RECORDED INFORMATION >>
....................

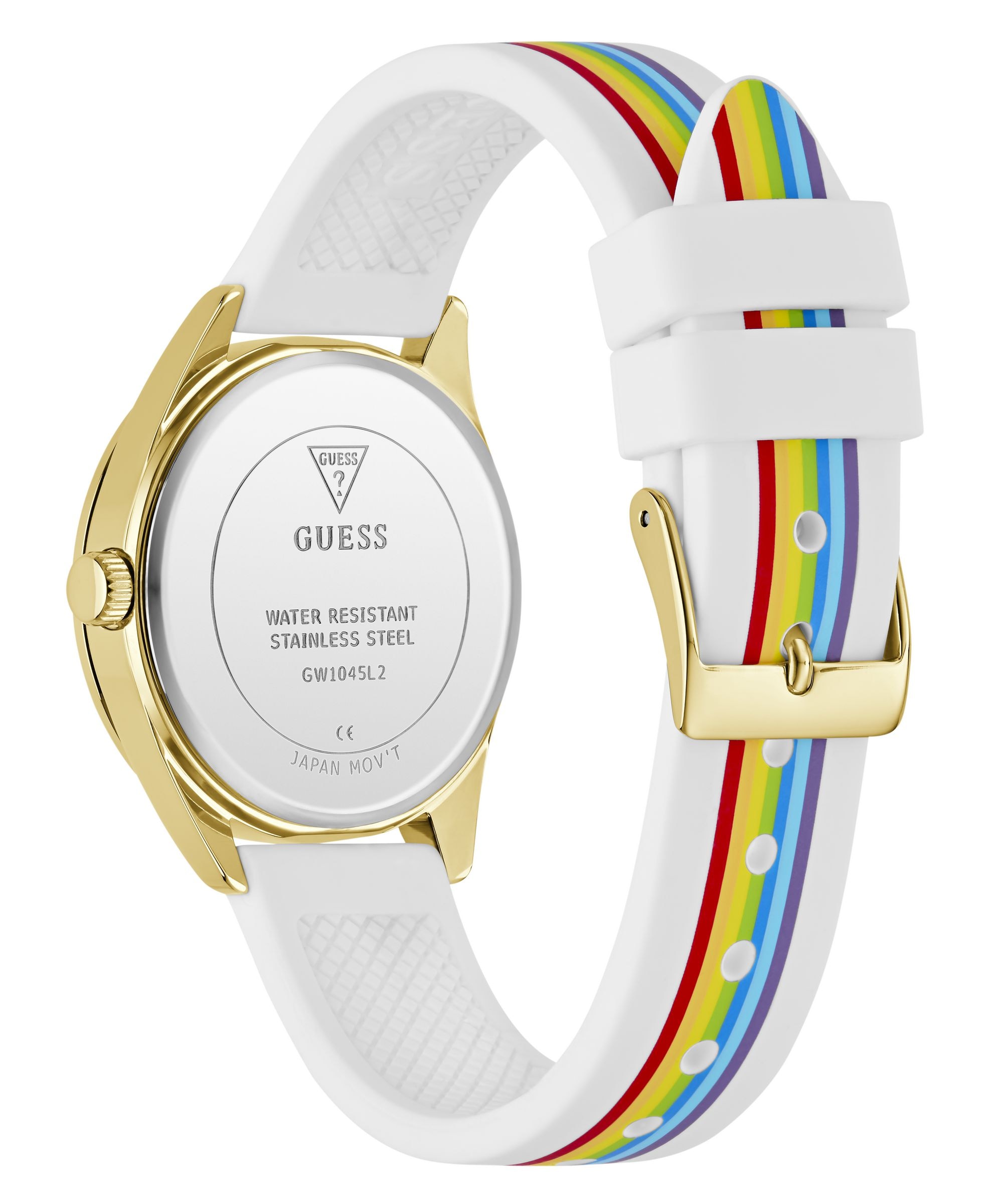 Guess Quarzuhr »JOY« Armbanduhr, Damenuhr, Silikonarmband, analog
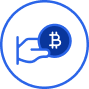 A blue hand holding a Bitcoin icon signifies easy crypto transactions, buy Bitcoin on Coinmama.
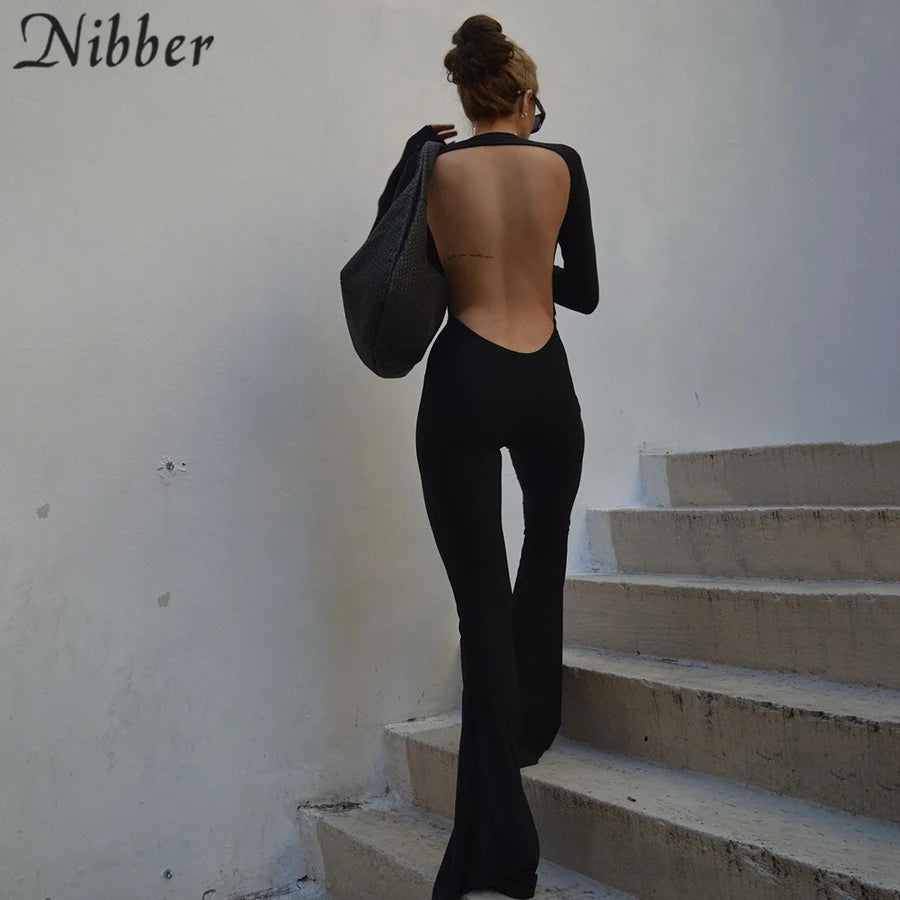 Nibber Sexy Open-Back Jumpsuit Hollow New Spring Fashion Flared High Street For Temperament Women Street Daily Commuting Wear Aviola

....................

WORK TO BE COMPLETED >> The listing above is to be set down word for word, without its images.

ANSWER TO THIS TASK >>
 Guess Quarzuhr »JOY« Armbanduhr, Damenuhr, Silikonarmband, analog
 A blue hand holding a Bitcoin icon signifies easy crypto transactions, buy Bitcoin on Coinmama.
 Nibber Sexy Open-Back Jumpsuit Hollow New Spring Fashion Flared High Street For Temperament Women Street Daily Commuting Wear Aviola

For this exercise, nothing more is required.